_REQUIREMENT_.
An exact copy of the listing is needed, with every line kept.

_INPUT DATA_.
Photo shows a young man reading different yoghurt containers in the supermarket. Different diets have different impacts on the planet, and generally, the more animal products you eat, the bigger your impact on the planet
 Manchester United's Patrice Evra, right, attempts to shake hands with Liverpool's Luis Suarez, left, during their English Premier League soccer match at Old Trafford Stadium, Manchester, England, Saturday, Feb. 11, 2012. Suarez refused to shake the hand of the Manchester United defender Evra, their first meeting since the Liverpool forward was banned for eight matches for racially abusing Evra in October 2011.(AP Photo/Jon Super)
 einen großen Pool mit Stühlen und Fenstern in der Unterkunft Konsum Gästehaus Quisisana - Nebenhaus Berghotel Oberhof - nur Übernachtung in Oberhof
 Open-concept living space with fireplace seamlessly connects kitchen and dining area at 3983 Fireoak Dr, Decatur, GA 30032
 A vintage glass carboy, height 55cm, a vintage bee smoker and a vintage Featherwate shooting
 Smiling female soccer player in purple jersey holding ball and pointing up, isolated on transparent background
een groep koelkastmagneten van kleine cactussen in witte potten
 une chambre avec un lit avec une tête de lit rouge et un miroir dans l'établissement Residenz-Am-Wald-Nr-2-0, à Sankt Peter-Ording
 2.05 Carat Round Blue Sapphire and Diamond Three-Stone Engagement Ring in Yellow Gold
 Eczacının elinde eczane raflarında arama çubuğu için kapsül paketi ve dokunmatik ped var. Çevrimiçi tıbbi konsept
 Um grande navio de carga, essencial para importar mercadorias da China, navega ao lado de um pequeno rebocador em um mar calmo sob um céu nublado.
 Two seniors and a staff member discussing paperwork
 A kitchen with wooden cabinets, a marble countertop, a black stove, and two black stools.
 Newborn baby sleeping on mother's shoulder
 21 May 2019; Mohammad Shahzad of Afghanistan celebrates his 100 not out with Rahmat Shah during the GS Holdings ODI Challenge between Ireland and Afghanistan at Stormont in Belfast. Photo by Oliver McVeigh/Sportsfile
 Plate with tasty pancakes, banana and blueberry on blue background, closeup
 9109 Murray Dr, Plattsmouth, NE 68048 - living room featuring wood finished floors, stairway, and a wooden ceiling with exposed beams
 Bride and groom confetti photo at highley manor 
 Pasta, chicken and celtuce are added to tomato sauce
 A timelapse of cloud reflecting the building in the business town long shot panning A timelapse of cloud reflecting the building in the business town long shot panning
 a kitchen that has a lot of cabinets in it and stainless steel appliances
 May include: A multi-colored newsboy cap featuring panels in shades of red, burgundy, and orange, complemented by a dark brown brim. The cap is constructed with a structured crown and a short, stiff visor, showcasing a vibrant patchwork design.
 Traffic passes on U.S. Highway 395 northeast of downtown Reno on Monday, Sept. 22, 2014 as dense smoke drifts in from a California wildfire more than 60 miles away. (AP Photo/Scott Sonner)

_RESULT OF THIS TASK_.
Photo shows a young man reading different yoghurt containers in the supermarket. Different diets have different impacts on the planet, and generally, the more animal products you eat, the bigger your impact on the planet
 Manchester United's Patrice Evra, right, attempts to shake hands with Liverpool's Luis Suarez, left, during their English Premier League soccer match at Old Trafford Stadium, Manchester, England, Saturday, Feb. 11, 2012. Suarez refused to shake the hand of the Manchester United defender Evra, their first meeting since the Liverpool forward was banned for eight matches for racially abusing Evra in October 2011.(AP Photo/Jon Super)
 einen großen Pool mit Stühlen und Fenstern in der Unterkunft Konsum Gästehaus Quisisana - Nebenhaus Berghotel Oberhof - nur Übernachtung in Oberhof
 Open-concept living space with fireplace seamlessly connects kitchen and dining area at 3983 Fireoak Dr, Decatur, GA 30032
 A vintage glass carboy, height 55cm, a vintage bee smoker and a vintage Featherwate shooting
 Smiling female soccer player in purple jersey holding ball and pointing up, isolated on transparent background
een groep koelkastmagneten van kleine cactussen in witte potten
 une chambre avec un lit avec une tête de lit rouge et un miroir dans l'établissement Residenz-Am-Wald-Nr-2-0, à Sankt Peter-Ording
 2.05 Carat Round Blue Sapphire and Diamond Three-Stone Engagement Ring in Yellow Gold
 Eczacının elinde eczane raflarında arama çubuğu için kapsül paketi ve dokunmatik ped var. Çevrimiçi tıbbi konsept
 Um grande navio de carga, essencial para importar mercadorias da China, navega ao lado de um pequeno rebocador em um mar calmo sob um céu nublado.
 Two seniors and a staff member discussing paperwork
 A kitchen with wooden cabinets, a marble countertop, a black stove, and two black stools.
 Newborn baby sleeping on mother's shoulder
 21 May 2019; Mohammad Shahzad of Afghanistan celebrates his 100 not out with Rahmat Shah during the GS Holdings ODI Challenge between Ireland and Afghanistan at Stormont in Belfast. Photo by Oliver McVeigh/Sportsfile
 Plate with tasty pancakes, banana and blueberry on blue background, closeup
 9109 Murray Dr, Plattsmouth, NE 68048 - living room featuring wood finished floors, stairway, and a wooden ceiling with exposed beams
 Bride and groom confetti photo at highley manor 
 Pasta, chicken and celtuce are added to tomato sauce
 A timelapse of cloud reflecting the building in the business town long shot panning A timelapse of cloud reflecting the building in the business town long shot panning
 a kitchen that has a lot of cabinets in it and stainless steel appliances
 May include: A multi-colored newsboy cap featuring panels in shades of red, burgundy, and orange, complemented by a dark brown brim. The cap is constructed with a structured crown and a short, stiff visor, showcasing a vibrant patchwork design.
 Traffic passes on U.S. Highway 395 northeast of downtown Reno on Monday, Sept. 22, 2014 as dense smoke drifts in from a California wildfire more than 60 miles away. (AP Photo/Scott Sonner)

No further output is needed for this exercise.